▶ Required action
Set down exactly the lines running from the one with "Lomazzo Frazione Manera" to the last line of the listing below, both included, and skip every picture.

============

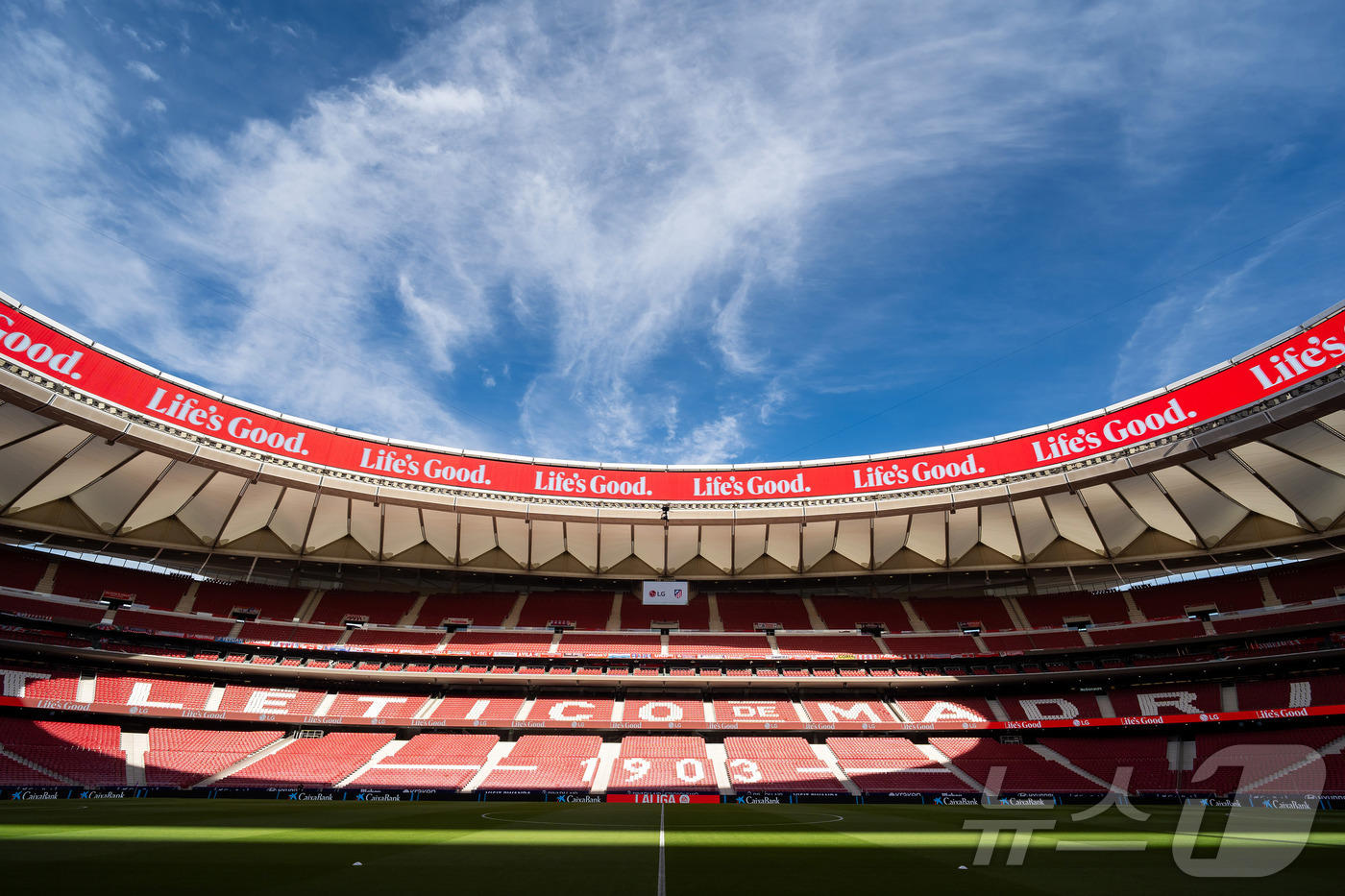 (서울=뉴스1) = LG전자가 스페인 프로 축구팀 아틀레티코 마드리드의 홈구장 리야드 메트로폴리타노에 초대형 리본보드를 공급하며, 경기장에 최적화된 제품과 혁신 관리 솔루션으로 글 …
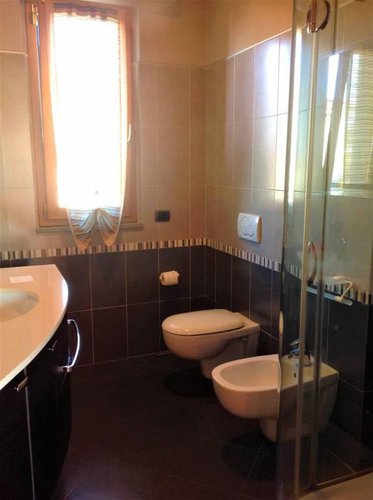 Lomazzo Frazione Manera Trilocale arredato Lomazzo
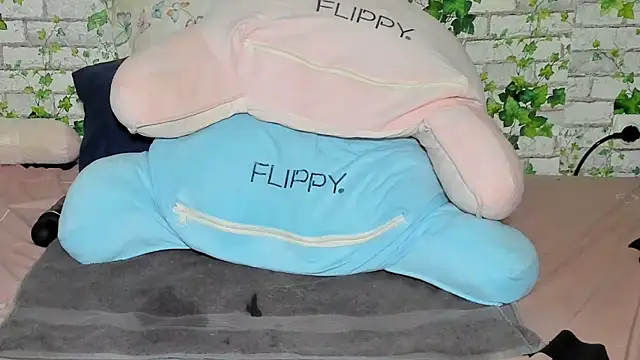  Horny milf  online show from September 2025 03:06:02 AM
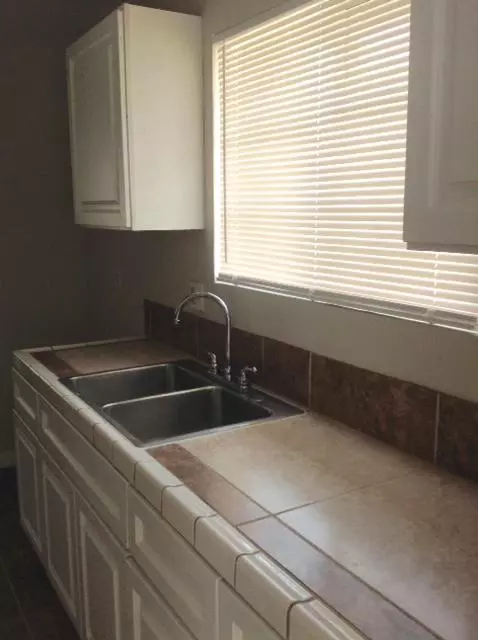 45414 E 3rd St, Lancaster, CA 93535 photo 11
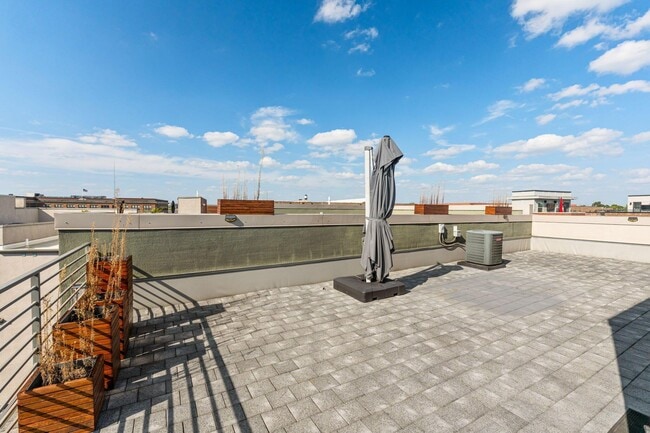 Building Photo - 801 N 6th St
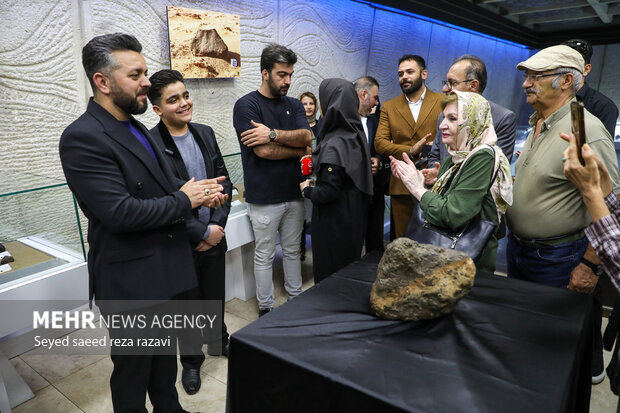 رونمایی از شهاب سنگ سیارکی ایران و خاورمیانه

============

▶ Response area
 Lomazzo Frazione Manera Trilocale arredato Lomazzo
  Horny milf  online show from September 2025 03:06:02 AM
 45414 E 3rd St, Lancaster, CA 93535 photo 11
 Building Photo - 801 N 6th St
 رونمایی از شهاب سنگ سیارکی ایران و خاورمیانه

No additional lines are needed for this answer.